Certains membres de la nouvelle communauté syrienne en France ont participé à la manifestation, notamment Ashtar, âgée de 27 ans et qui vit à Paris. « J’ai participé à ce mouvement parce qu’après ma première expérience dans la révolution syrienne, pour la première fois, j’avais l’impression d’être dans un pays démocratique », a-t-elle déclaré. « Mais j’ai découvert plus tard le contraire… le monde entier vit dans la pauvreté et l’oppression » (MEE/Abdulmonam Eassa)
Des bénévoles de la cantine servent les plats qu’ils ont préparés plus tôt aux manifestants, trouvant là un nouveau forum pour répondre aux questions à propos de la Syrie et rencontrer de nouvelles personnes (MEE/Abdulmonam Eassa)

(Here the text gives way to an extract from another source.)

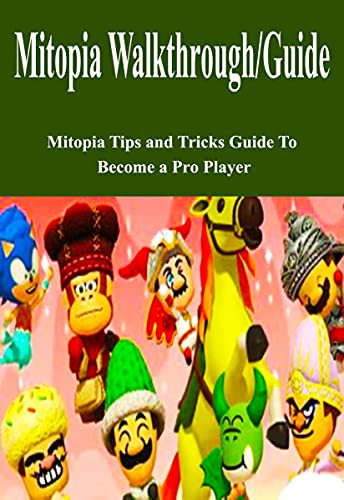 Mitopia Walkthrough/Guide: Mitopia Tips and Tricks Guide To Become a Pro Player (English Edition)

L’un de leurs nouveaux clients, Laurent, 56 ans, affirme que les Syriens qu’il a rencontrés « ont un grand cœur ».
« Je suis allé en Syrie à de nombreuses reprises avant 2011, je savais que les gens là-bas sont super », raconte Laurent. « Mais c’est surprenant de voir comment ils continuent de s’impliquer en exil. À la fin de la journée, nous devons nous rassembler pour résoudre nos problèmes » (MEE/Abdulmonam Eassa)
Leur principal objectif, selon Mayada, est d’échanger leurs expériences, d’en apprendre davantage sur les cultures les uns des autres, et de se bâtir une nouvelle vie en exil. « Nous avons quitté notre pays dans la tristesse, mais nous devons nous construire une nouvelle vie, rencontrer de nouvelles personnes dans notre exil, comme nous le faisons actuellement. Partout où vous allez, il y a de belles personnes » (MEE/Abdulmonam Eassa)
Activiste en Syrie comme il l’est désormais dans sa nouvelle ville, Taha a rejoint le mouvement des « gilets jaunes », enveloppé dans un drapeau syrien. Il raconte qu’un manifestant français lui a demandé si c’était le drapeau de terroristes, ce à quoi il a répondu : « si c’était le cas je ne devrais pas être là. »
Malgré les efforts de certains dans cette petite communauté syrienne des quartiers parisiens, le chemin vers l’intégration est long, pourtant ils s’obstinent en progressant même petit à petit. « Il est triste que certaines personnes ne connaissent toujours pas la réalité de mon pays », déplore Taha. « [Mais] je suis heureux de défiler avec mes amis dans la manifestation. » (MEE/Abdulmonam Eassa)
Traduit de l’anglais (original) par VECTranslation.